To ensure a top spot, many organizations purchase and lease suitable sites ahead of time. Given the competitive market, Black & Veatch created a digital-first approach to quickly evaluate hundreds of EV sites. Leaning on a decade of experience selecting sites for telecommunications, we evolved our process to look through the lens of EV engineering constructability to speed site selection.
3. Prioritize Utility Coordination. As a rule of thumb, contact the utility during the conceptual planning phase—the earlier, the better. Here’s why: grid infrastructure upgrades may be needed depending on the power demand of your chargers. The utilities are moving full steam to modernize their grids and to expand the capacity of distribution networks to support electrification. The earlier they know about your project’s power demand, the sooner they can upgrade service to support your interconnection.
Utilities are working hard to streamline EV charging coordination but filling out permitting paperwork can feel like reading a foreign language, especially with new technologies. “It helps if you speak utility,” Paul reveals. “When you understand their language and engineering requirements, your submittal is complete and correct the first time, which leads to faster approvals.”

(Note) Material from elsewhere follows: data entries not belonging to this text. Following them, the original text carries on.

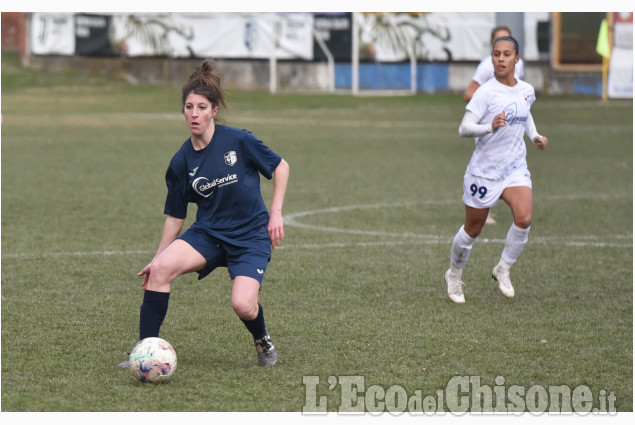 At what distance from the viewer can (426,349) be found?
6.07 metres

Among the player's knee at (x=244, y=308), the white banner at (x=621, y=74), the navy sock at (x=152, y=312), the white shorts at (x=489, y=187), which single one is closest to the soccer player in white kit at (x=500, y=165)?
the white shorts at (x=489, y=187)

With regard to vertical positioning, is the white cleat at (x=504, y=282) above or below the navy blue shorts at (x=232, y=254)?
below

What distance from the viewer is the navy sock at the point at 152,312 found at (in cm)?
553

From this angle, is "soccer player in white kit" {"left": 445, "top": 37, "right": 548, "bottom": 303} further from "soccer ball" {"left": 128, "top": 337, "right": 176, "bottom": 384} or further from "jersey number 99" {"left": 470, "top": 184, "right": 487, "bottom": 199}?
"soccer ball" {"left": 128, "top": 337, "right": 176, "bottom": 384}

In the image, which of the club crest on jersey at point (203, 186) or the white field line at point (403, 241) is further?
the white field line at point (403, 241)

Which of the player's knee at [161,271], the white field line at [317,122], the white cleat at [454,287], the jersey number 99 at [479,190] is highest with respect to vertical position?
the jersey number 99 at [479,190]

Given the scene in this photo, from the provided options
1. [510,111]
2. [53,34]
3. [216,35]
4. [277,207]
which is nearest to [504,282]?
[510,111]

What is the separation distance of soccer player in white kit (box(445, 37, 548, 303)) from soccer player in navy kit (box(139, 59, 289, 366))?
2.08 meters

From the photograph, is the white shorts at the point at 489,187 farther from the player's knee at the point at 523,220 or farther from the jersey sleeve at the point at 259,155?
the jersey sleeve at the point at 259,155

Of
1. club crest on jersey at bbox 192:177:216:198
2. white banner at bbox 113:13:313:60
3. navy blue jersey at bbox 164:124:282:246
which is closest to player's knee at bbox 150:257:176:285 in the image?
navy blue jersey at bbox 164:124:282:246

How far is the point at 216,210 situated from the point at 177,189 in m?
0.23

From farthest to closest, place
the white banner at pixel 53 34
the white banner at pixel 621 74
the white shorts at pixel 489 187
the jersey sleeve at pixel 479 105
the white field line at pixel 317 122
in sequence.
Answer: the white banner at pixel 53 34 → the white banner at pixel 621 74 → the white field line at pixel 317 122 → the white shorts at pixel 489 187 → the jersey sleeve at pixel 479 105

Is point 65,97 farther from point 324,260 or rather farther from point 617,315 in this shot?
point 617,315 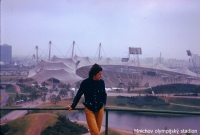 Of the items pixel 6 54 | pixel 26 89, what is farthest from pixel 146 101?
pixel 6 54

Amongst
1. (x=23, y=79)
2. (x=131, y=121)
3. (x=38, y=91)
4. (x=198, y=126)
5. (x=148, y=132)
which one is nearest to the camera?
(x=198, y=126)

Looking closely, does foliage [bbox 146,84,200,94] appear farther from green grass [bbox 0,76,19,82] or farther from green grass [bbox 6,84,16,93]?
green grass [bbox 0,76,19,82]

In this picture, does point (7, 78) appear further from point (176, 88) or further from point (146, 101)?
point (176, 88)

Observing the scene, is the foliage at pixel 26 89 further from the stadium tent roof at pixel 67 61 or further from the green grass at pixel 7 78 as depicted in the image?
the stadium tent roof at pixel 67 61

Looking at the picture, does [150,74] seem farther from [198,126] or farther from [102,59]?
[198,126]

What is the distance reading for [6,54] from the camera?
552 inches

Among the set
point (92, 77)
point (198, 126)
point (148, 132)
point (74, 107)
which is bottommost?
point (148, 132)

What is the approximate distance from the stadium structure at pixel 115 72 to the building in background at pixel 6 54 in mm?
1885

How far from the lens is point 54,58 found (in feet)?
53.3

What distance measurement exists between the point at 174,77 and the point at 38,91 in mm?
7688

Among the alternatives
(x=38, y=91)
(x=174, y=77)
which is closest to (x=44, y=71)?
(x=38, y=91)

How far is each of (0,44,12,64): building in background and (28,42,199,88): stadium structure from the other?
6.18ft

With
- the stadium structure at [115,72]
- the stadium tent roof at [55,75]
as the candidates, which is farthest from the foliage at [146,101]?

4. Create your Own Power. It can take a few months to a few years to get power to a site. But distributed energy resources can provide a stopgap. A microgrid-solar-storage system with a backup generator can help bridge the gap to get operations up and running and keep them online while waiting for increased distribution capacity from the utility.
Even with adequate electric energy onsite, organizations deploy energy systems to control generation, ensure reliability, and avoid outages, all while reducing operating costs. According to Jenn Cahill, Distributed Energy Resource Solution Lead at Black & Veatch, distributed systems are an ace in the hole when decarbonizing operations. “Distributed energy technologies give organizations flexibility to evolve in stages and to withstand external pressures, such as storm impacts and rising energy costs.”
5. Order Supplies Early. The pandemic disrupted global supply chains, which continue to find their balance. This is especially true amid escalating EV adoption, which puts heavy demand on charging equipment such switchboards and batteries. To combat delays, many organizations order their equipment as soon as they make their technology selections via their roadmap. They also plan and purchase equipment for multiple sites at once to stay ahead of delivery timelines.
6. Manage Organizational Changes. When electricity becomes your new fuel, it’s important to understand how electrification will impact your operations. You may have to offer training or create new positions, such as charger maintenance specialists. Setting your organizational strategy to adopt a new way of working helps determine and manage operational impacts, keeps morale high during the transition, ensures staff skills evolve to support electric fleet operations, and aligns outcomes with goals. Falling behind on any of these can delay commissioning and cause operational hiccups, which means expectations may not be met.
“The success of your electrification comes down to two things,” Paul notes. “First, how well you plan, coordinate, and construct your chargers, and second, how well you educate and empower your teams to adopt new technologies.”
There’s never been a better time to switch to electric fleets. As organizations make progress toward decarbonization, they are supported by vehicle OEMs who continue to release new EV models; utilities who are preparing the grid for more distributed solutions; and governments, who are incentivizing the transition. They get support from technology integrators like Black & Veatch, too, whose best practices and experience lead to expert EV charging strategy, plans, designs, and construction.